Most cloud management solutions use one problem-solving technique in their operational workflow. But some are required to achieve multiple goals at the same time, such as predicting the incoming workload and then allocating it to resources, or clustering a set of resources based on the current execution state and then provisioning them dynamically. These workflows can benefit from separate ML techniques for each objective. Hybrid ML methods have been developed to overcome drawbacks of standalone techniques by combining one or more ML techniques together. A few workflows that we consider in this survey are required to predict some resource or workload parameters before starting the dynamic optimization process. Accordingly, the hybrid ML methods that we discus here combine parameter prediction and cloud optimization.

Designing efficient scaling algorithms is difficult, particularly for geo-distributed VNF chains, where WAN traffic bandwidth costs and latencies are essential, yet difficult to account for when scaling decisions are made. To resolve this problem, [48] offered a deep learning-based methodology, analyzing intrinsic patterns of traffic volatility and efficient deployment techniques over time, with the goal of improved judgments enabled by in-depth learning from experiences. An LSTM is used for predicting future flow rates, and a DRL agent is used to make dynamic VNF chain placement decisions. To improve results, this study used an experience replay technique based on the actor-critic DRL algorithm.
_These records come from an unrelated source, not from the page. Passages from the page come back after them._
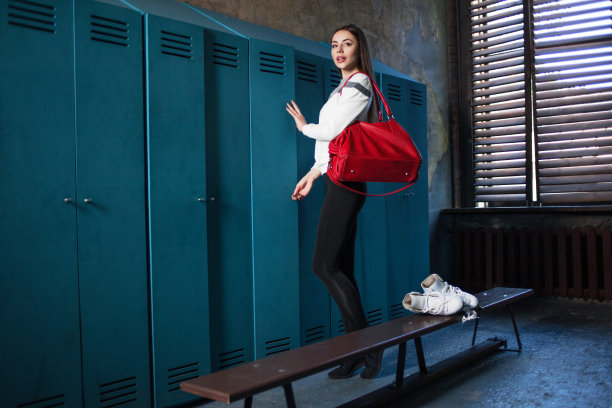 女孩溜冰与花样滑冰鞋和运动包。更衣室里的年轻美女图片下载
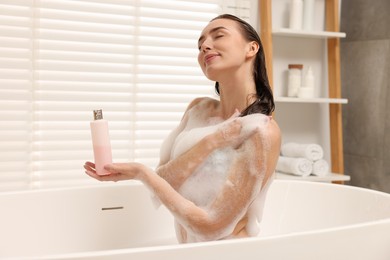 Photo of Woman taking bath with shower gel in bathroom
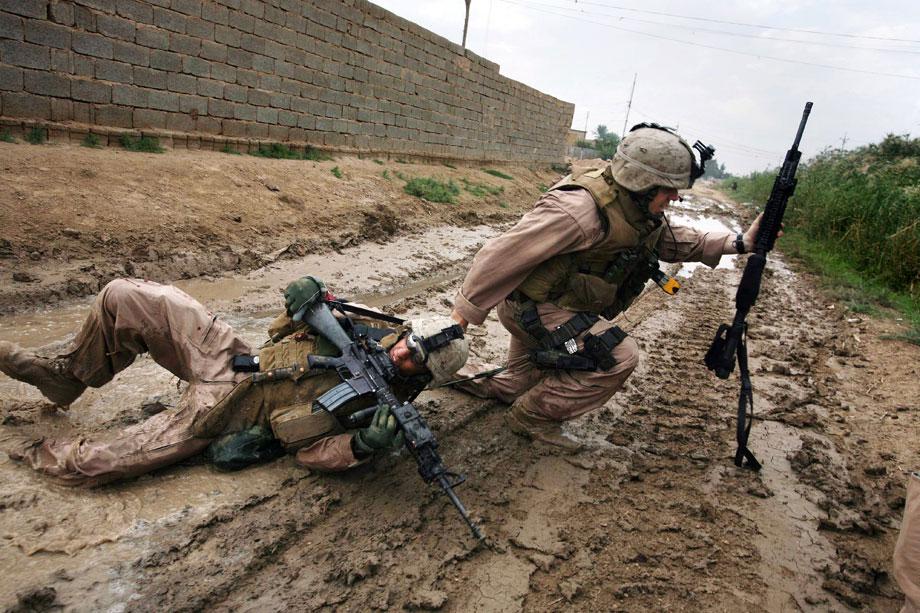 KARMAH, Iraq—Sgt. Jesse E. Leach drags Lance Cpl. Juan Valdez of Weapons Company, 2nd Battalion, 8th Marines, to safety moments after he was shot by a sniper during a patrol. Valdez was shot through the arm and right torso but survived, Oct. 31, 2006.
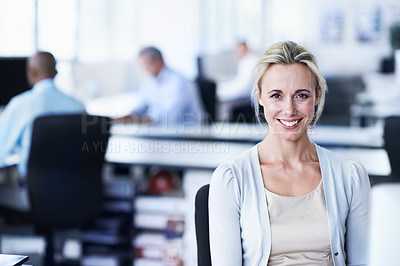 Buy stock photo Shot of a woman working sitting in an office with colleagues in the backgroud
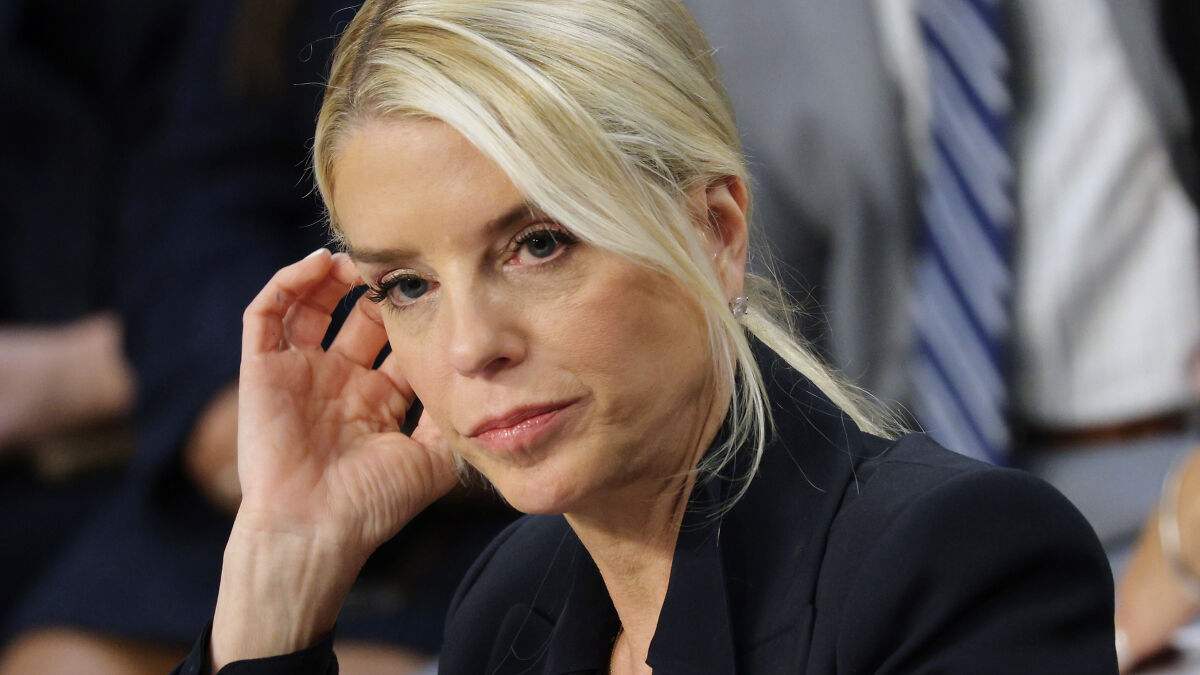Blonde woman in a black blazer, looking concerned during a public event about man arrested over $45K offer to end Pam Bondiu2019s life.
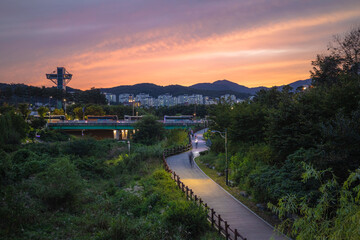 도심 속 하천의 분홍색 일몰과 산책로를 가로지르는 자전거 풍경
In comparison to previous representative algorithms, tracedriven simulation showed that the newly designed learning framework reacted swiftly to traffic dynamics online and achieved lower system costs with minimum offline training.
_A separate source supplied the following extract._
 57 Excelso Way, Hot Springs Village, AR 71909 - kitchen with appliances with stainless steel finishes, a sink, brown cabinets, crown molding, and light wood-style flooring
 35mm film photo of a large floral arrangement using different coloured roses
Web app developers previously had to store more data object copies in many geo-distributed data centers or send duplicate requests to multiple (e.g., closest) data centers to provide low request latency to users, both of which increased monetary cost. To address this issue, [49] proposed an RL based geo-distributed cloud storage system named GeoCol, with the goal of achieving low cost and latency. First, this new system included a request split mechanism and a storage planning method to achieve the best tradeoff between monetary cost and request latency. To enable parallel transmissions for a data object, the request split approach used the SARIMA technique to anticipate request latency as an input to an RL model to calculate the number of sub-requests and the data center assigned to each sub-request. Second, GeoCol employed another RL method to decide if it needs to store each data object and the storage type of each stored data object to help reduce the storage cost.
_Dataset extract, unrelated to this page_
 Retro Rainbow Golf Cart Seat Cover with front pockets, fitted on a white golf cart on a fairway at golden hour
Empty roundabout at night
In [50] , the authors studied ways to connect different renewable energy generators to geo-distributed data centers from various cloud providers in order to reduce carbon emissions, monetary costs, and service level objective (SLO) violations caused by renewable energy shortages. The authors tested multiple ML approaches for long-term forecast accuracy on renewable energy generation and demand, and chose SARIMA for the prediction. Based on the projected findings, the study presented a multi-agent RL (MARL) approach for each data center to determine how much renewable energy to request from each generator. This research also presented a Deadline Guaranteed Job Postponement approach (DGJP) for deferring the execution of non-essential jobs when renewable energy supplies are insufficient.

To handle the problem of reliable cloud management for geographically distributed data centers, several sub-problems must be addressed. We looked at a variety of methods and strategies presented for such reasons in the previous section. Most use one, but a few of them use multiple ML techniques in their operational flow. According to the information presented in Section 1.3, ML approaches contain any models that can be trained using data to perform supervised, unsupervised, or RL based tasks. In Table 1 , we categorize the ML models used in all papers discussed in this survey into four different types. Figure 3 shows the percentage of ML model types considered by various articles. In Table 2 , we provide a comparative summary of the investigated papers based on the various ML approaches utilized in the geo-distributed cloud management environment. The table also demonstrates why different ML models are used in various research articles. Figure 3 , by looking at the limited usage of clusteringbased learning techniques (k-means and spectral), we can say that these are the least suitable for cloud management because they group workloads or resources into clusters, but at a scale and granularity that is not particularly beneficial for cloud management frameworks. The only time when unsupervised clustering can be advantageous is when the workload or resources change very frequently.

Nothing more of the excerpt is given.